Eppridge spent much of 1966 and 1968 on the road with Robert F. Kennedy, covering the presidential campaign for LIFE magazine. It was Eppridge who took one of the decade’s most poignant and iconic photographs: a stunned Los Angeles busboy, Juan Romero, cradling the candidate in the kitchen of the Ambassador Hotel, just seconds after he was shot. The picture has been described as a modern Pietà.

Bill Eppridge runs alongside a car carrying Robert Kennedy. © Burton Berinksy.
Eppridge was born on March 20, 1938, in Argentina, to American parents. His father was a chemical engineer for Dupont, a job that took him to South America, in addition to a number of other international locations. After Argentina, the family transferred to the United States, where they lived, for various periods, in Richmond, Va., Nashville, Tenn., and Wilmington, Del.
Eppridge attended the University of Missouri’s School of Journalism, where he graduated with a major in photojournalism in 1959. In that same year, while still a student at Missouri, he won the National Press Photographer’s Award, First Prize Pictorial for a picture of a lone white horse under tornadic skies. That contest, and others, led to an internship at LIFE magazine, where he would work under the magazine’s celebrated photo director, Roy Rowan.
After college, Eppridge embarked on a nearly year-long assignment for National Geographic, where he followed the International School of America as its staff and students traveled around the world. Roughly a year later, a chance encounter with Rowan on a New York City street, would lead to regular shooting assignments at LIFE. He joined the magazine as a staff photographer in the early sixties—joining the ranks of prominent photojournalists such as Alfred Eisenstadt, Carl Mydans and Gordon Parks—and stayed until the magazine folded in 1972.
That same year, Eppridge joined Sports Illustrated as a staff photographer, where he covered nearly every Winter Olympics since Lake Placid in 1980. He also shot six years worth of Americas Cup campaigns.
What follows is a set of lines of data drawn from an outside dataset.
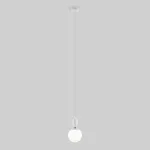 Подвесной светильник Eurosvet Bubble Long a043563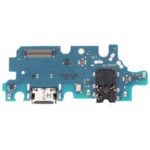Placa de Puerto de Carga para Samsung Galaxy A13 SM-A137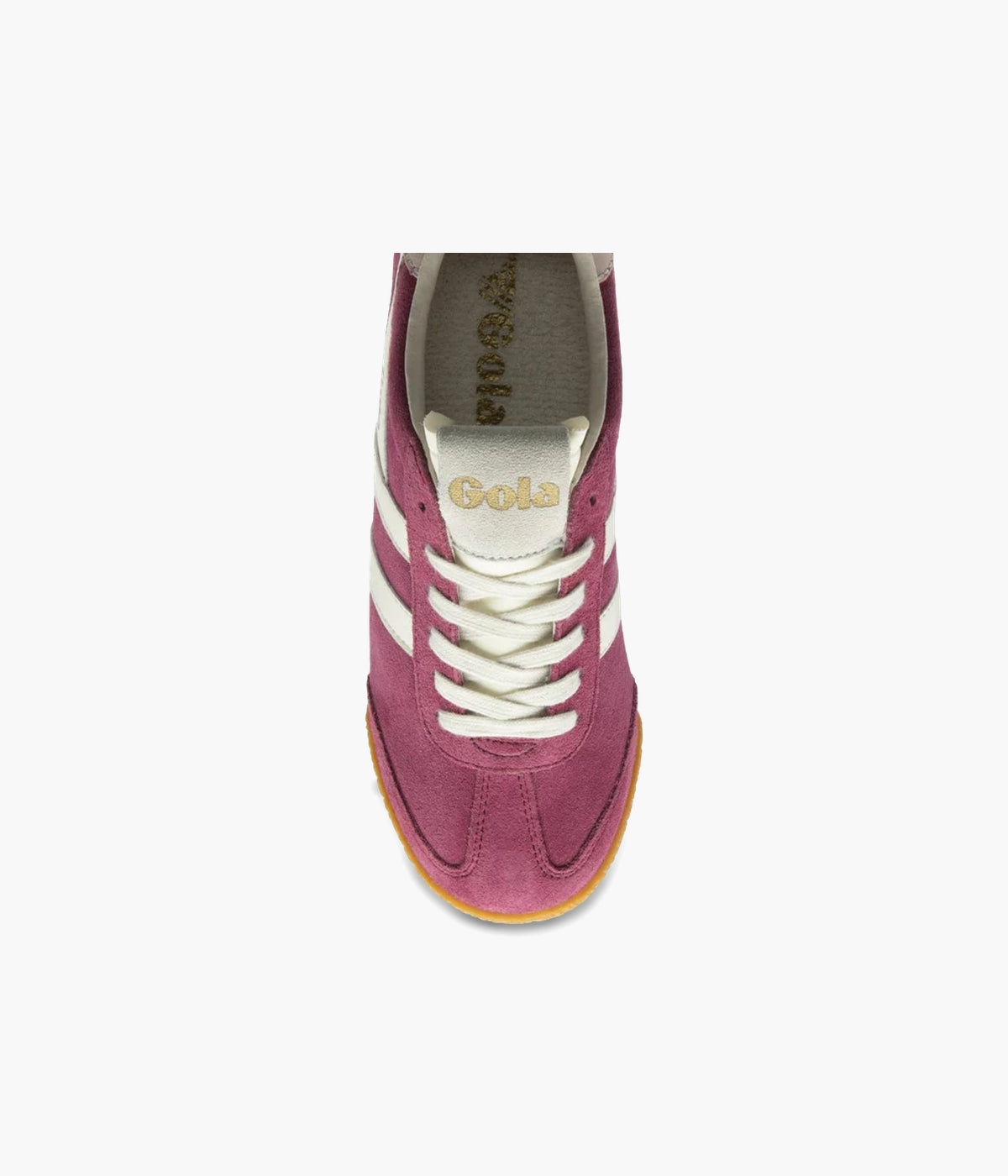 #color_Cerise/Off white/Chalk pink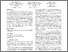 [thumbnail of Overview of the NTCIR-16 RCIR Task]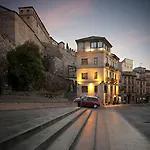 Hotel Abad 3*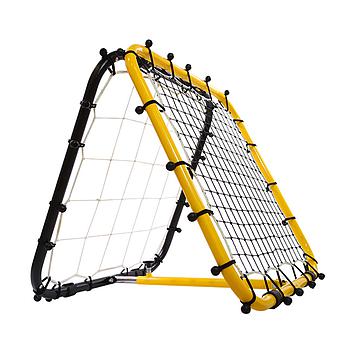 ΔΙΠΛΟ ΡΙΜΠΑΟΥΝΤΕΡ (DOUBLE REBOUNDER 80cm x 80cm)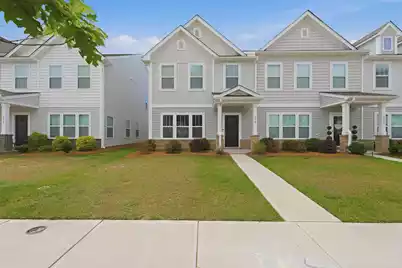 290 Surfbird Road, Summerville, SC 29486 - Photo 1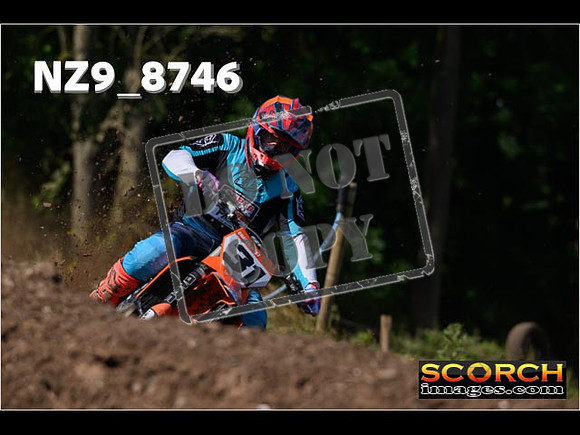 Thur27Jun-091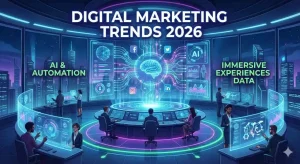digital marketing trends 2026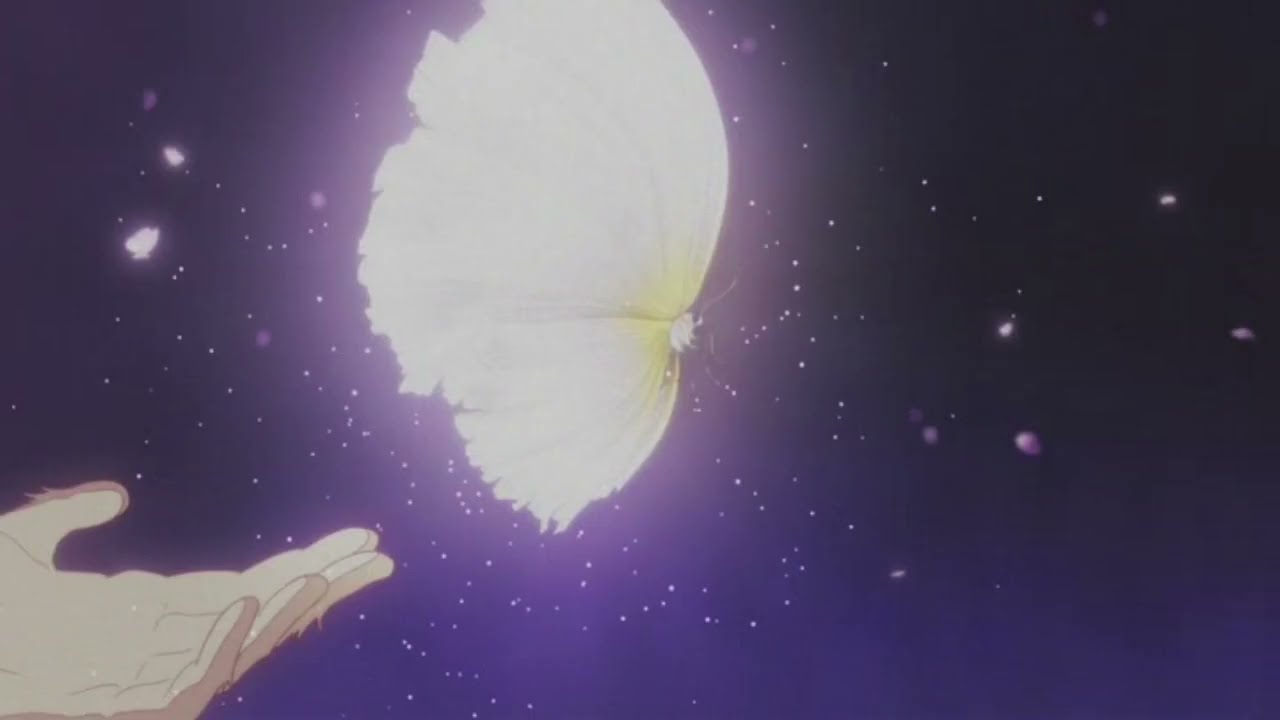 [AMV] Going To Hell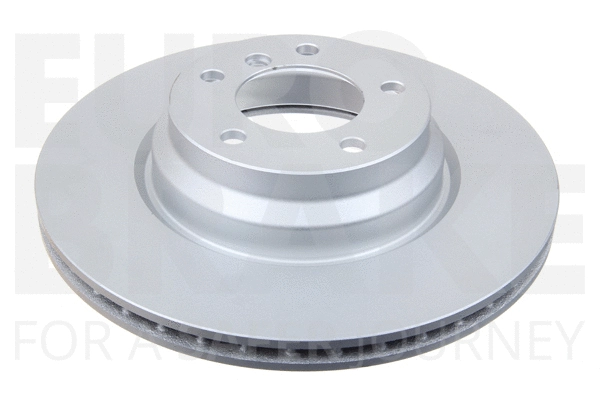 Brake Disc (5815311568)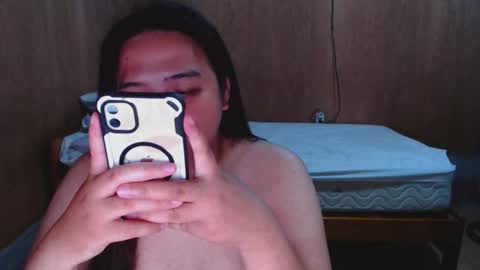 Danielle online show from October 2025 05:32:01 PM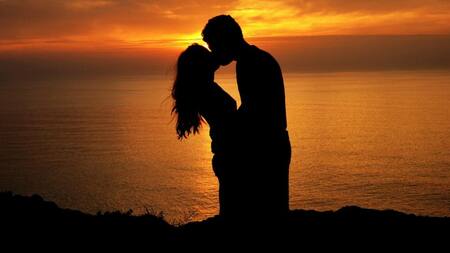 Día de los Enamorados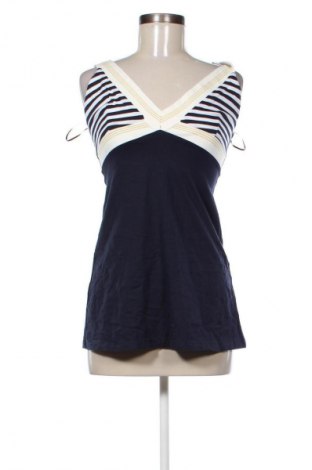Rochie Unbranded, Mărime M, Culoare Multicolor, Preț 98,99 Lei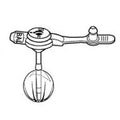 MIC* Gastro-Enteral (GE) Feeding Tube Kits - Each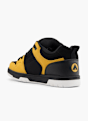 AIRWALK Baskets Noir 57821 3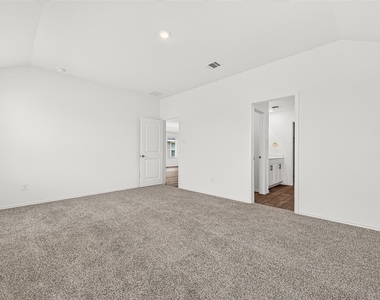 3043 Bloomsbury Terrace Drive Terrace - Photo Thumbnail 15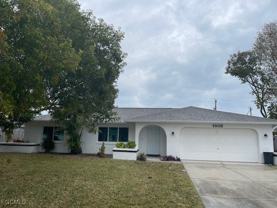 1808 Se 5th Pl - Photo 1 of 1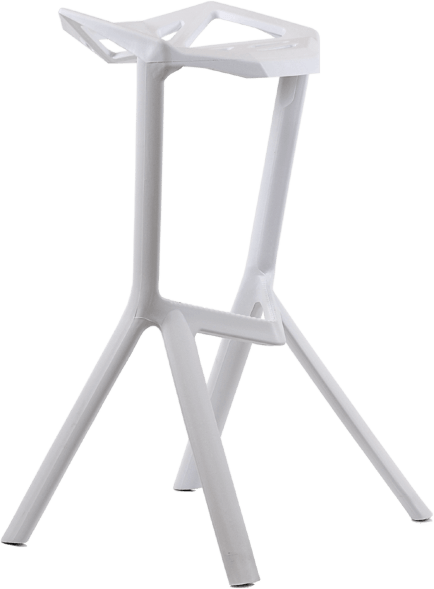 Барный стул One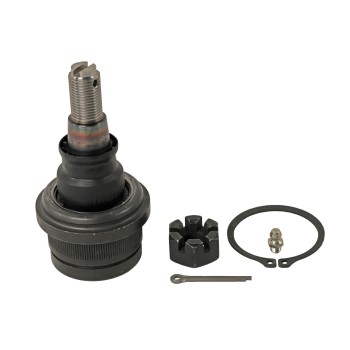 Suspension Ball Joint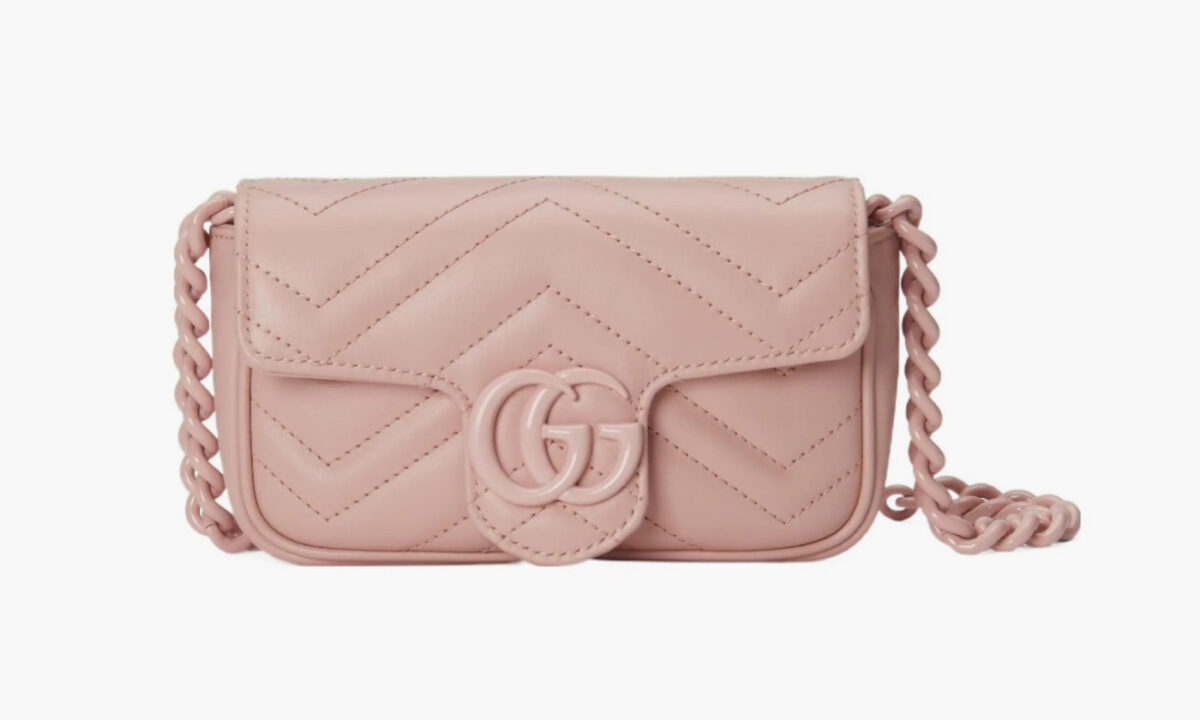 sumka-gucci-gg-marmont-belt-bag-light-pink_699757-um8kv-5909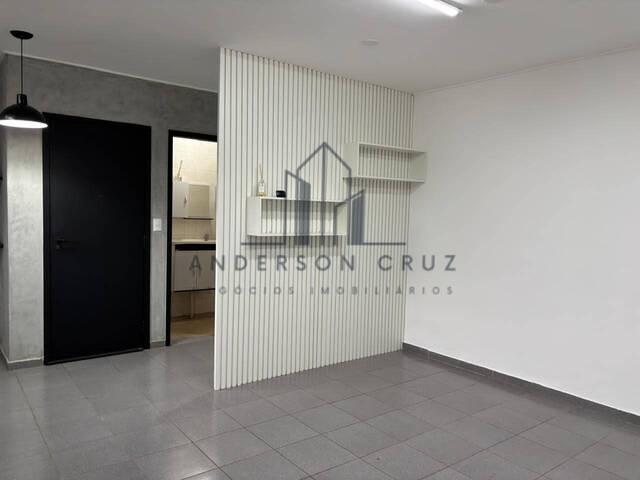 #3665 - Sala para Venda em Poços de Caldas - MG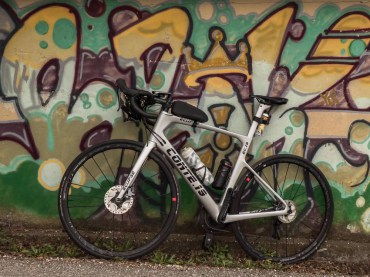 29_PHOTO-2019-03-10-21-14-26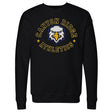 Canyon Ridge Men's Crewneck Sweatshirt | 500 LEVEL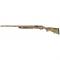 Wahoo Fusil Semi Automatique Hatsan Escort Huitier Camo Realtree Max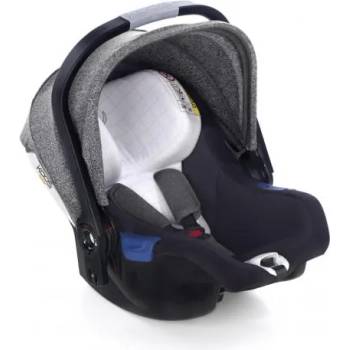 Image 1 of Jané KOOS i-Size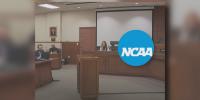 ‘Chance to play college sports is fleeting’: 3 more student-athletes added to eligibility lawsuit against NCAA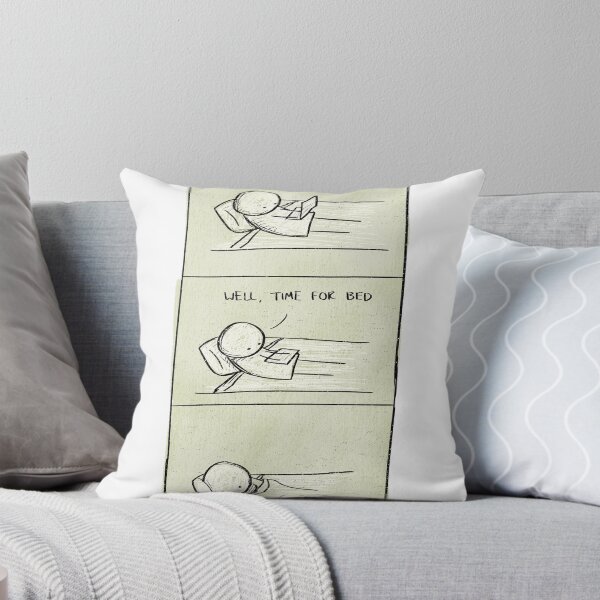 Item preview, Bed designed and sold by Atrumentis.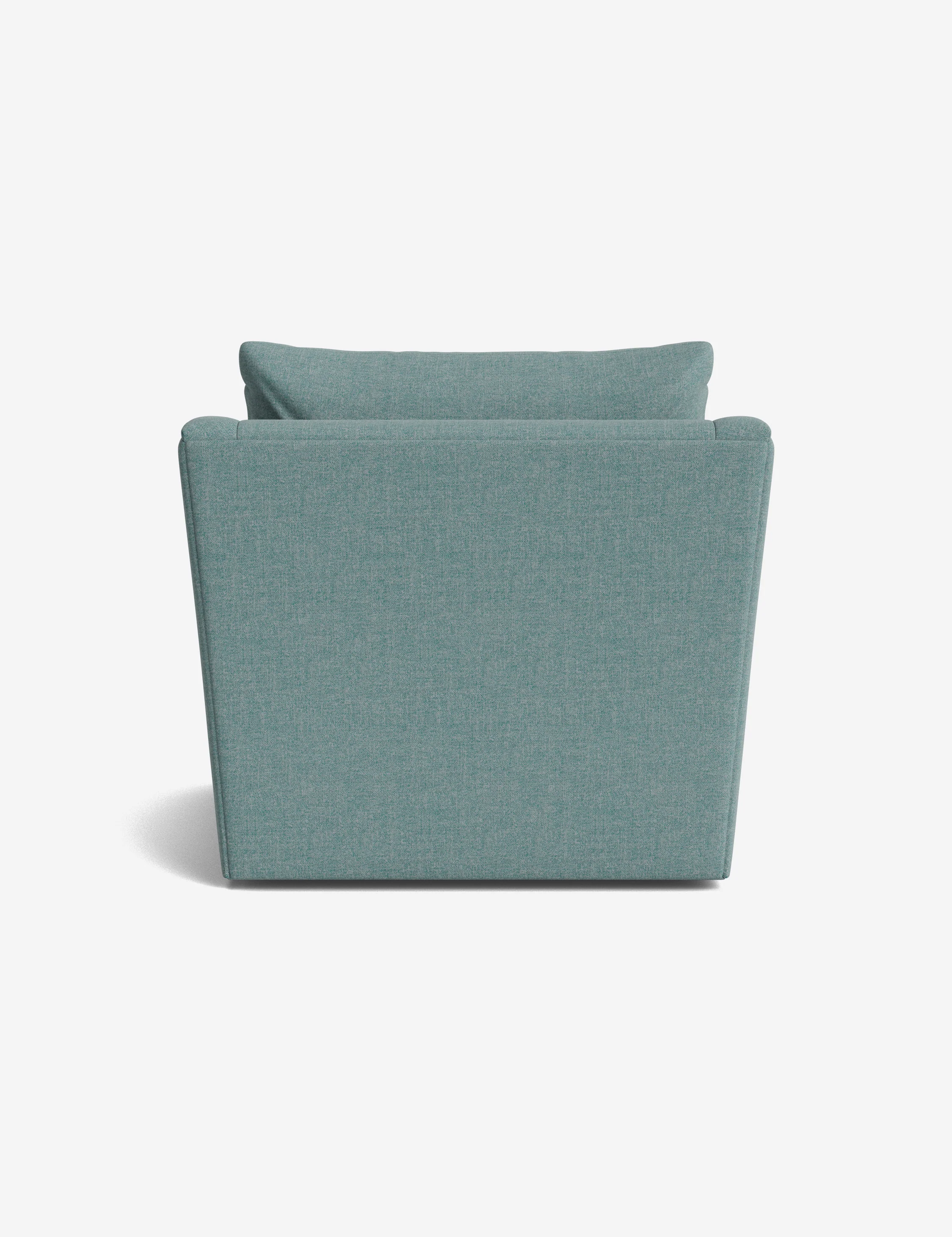 Niven Swivel Chair - Image 171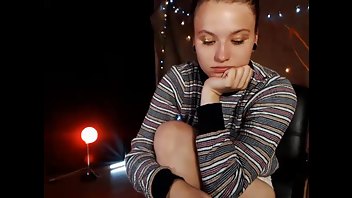 FreyaFresh MFC naked videos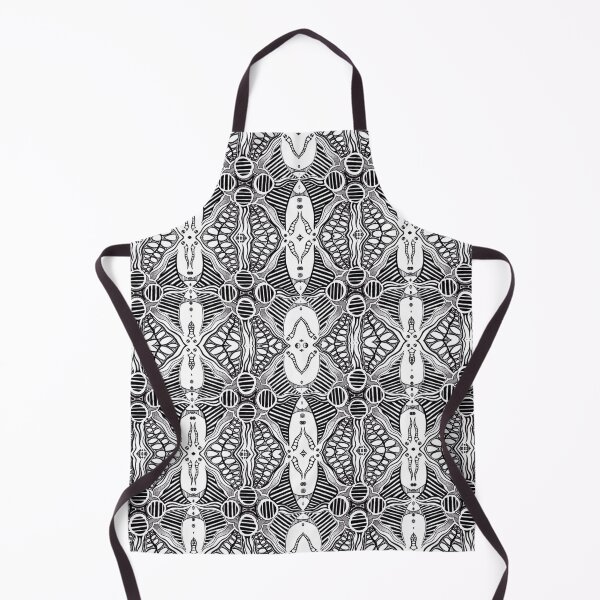 Item preview, MKW-BW.66 designed and sold by Katrina Morgan.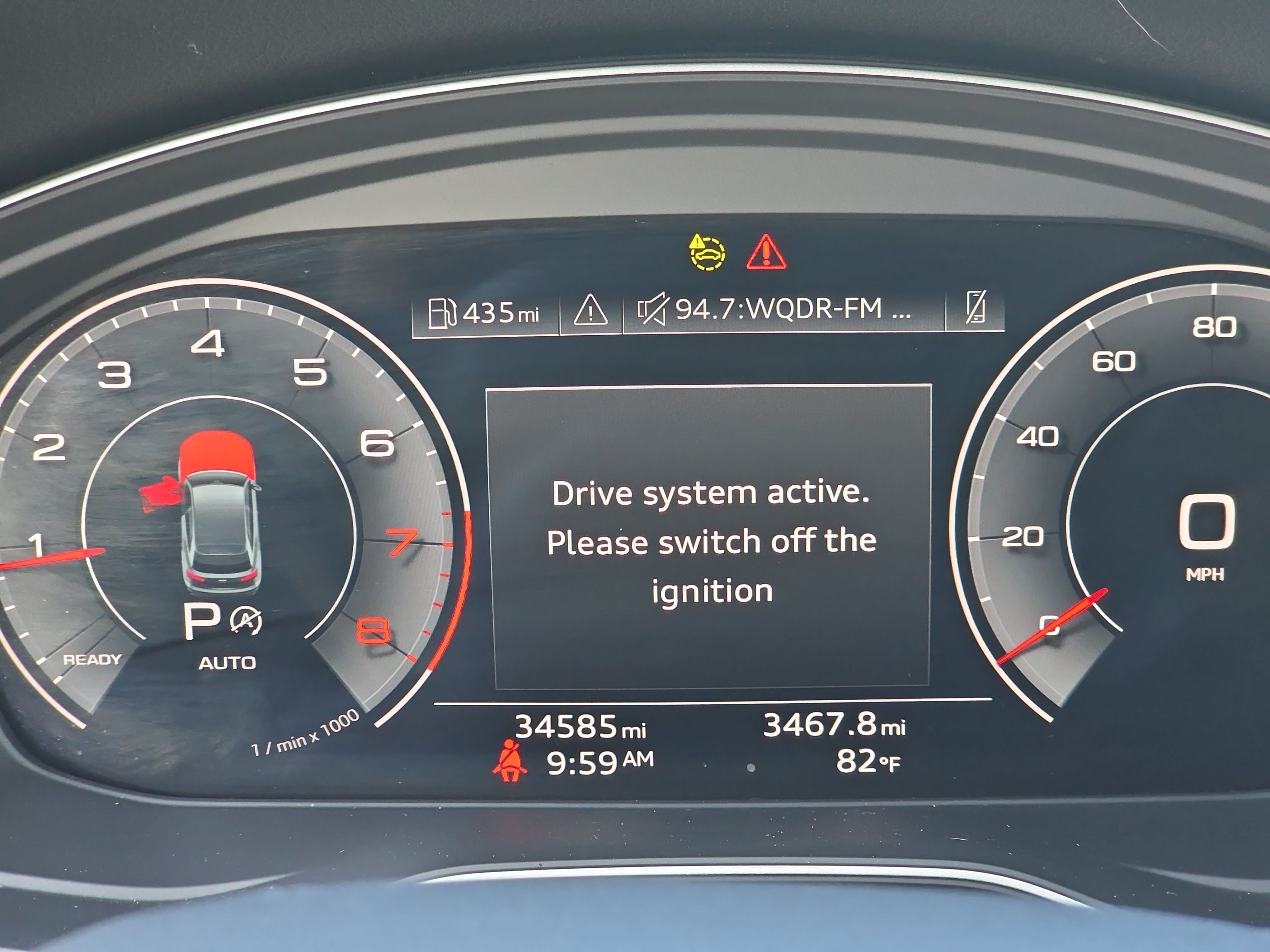 Used 2024 Audi Q5 2.0T Premium Plus AWD/4WD image 19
But his assignments weren’t just limited to sporting events: Eppridge also photographed the aftermath of the explosion of Mount St. Helen’s in Washington and worked on various stories about poaching and big game hunting in Kenya. His sporting essays have taken him around the world, including Africa, Thailand, Yugoslavia and Australia.
Throughout his career Eppridge has been a respected force in training a new generation of photojournalists at the University of Missouri Photojournalism Workshop, as well as at the Eddie Adams Photography Workshop, and Photography at the Summit, in Wyoming. His work has been exhibited at the Smithsonian Museum of American History, the Museum of Television and Radio, the High Museum of Art in Atlanta, the Visa Pour L’Image in Perpignon, France and in galleries throughout the U.S. and Europe. A comprehensive exhibit of his photographs of the Beatles are currently on a worldwide tour, and, in the spring of 2008, went on exhibit in the Beatles’ hometown of Liverpool.
When Eppridge is not shooting, he’s often flyfishing. He lives in Connecticut with his wife, Adrienne Aurichio.